Strip out the pictures and output each remaining line of the data word for word.

● **Source data**
******************************

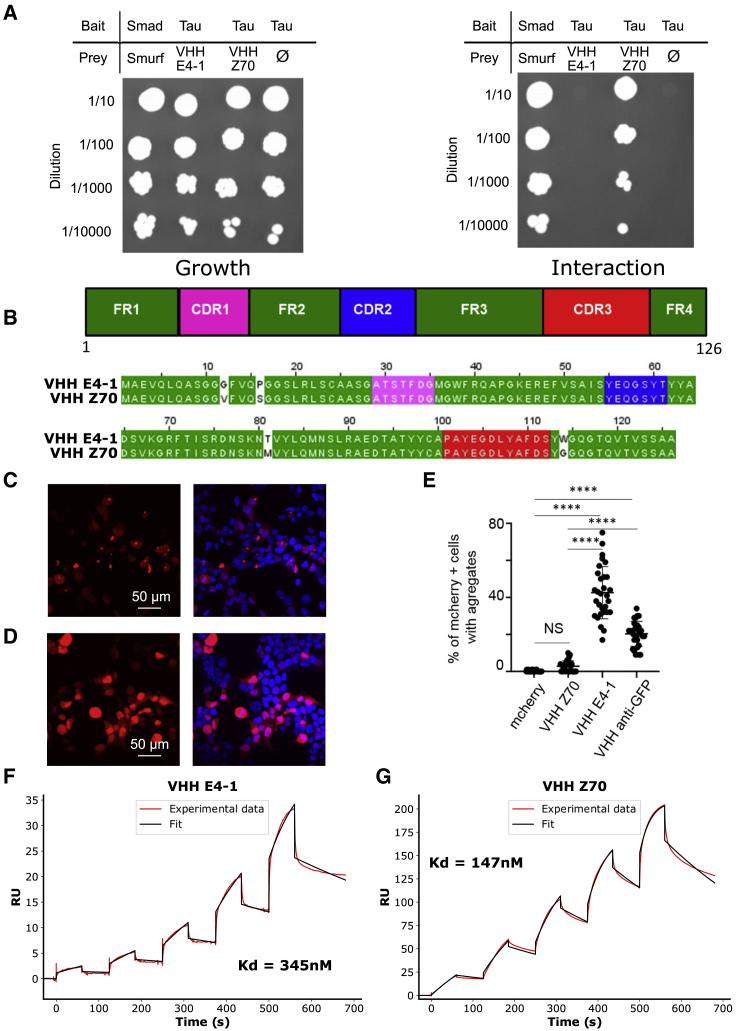 Figure 2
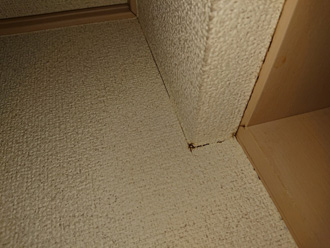 屋内の雨漏り状況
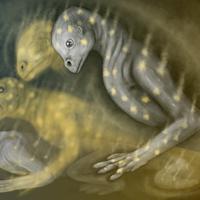 salamander spots by ThirdFloorChord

******************************

● **Response below**
 Figure 2
 屋内の雨漏り状況
 salamander spots by ThirdFloorChord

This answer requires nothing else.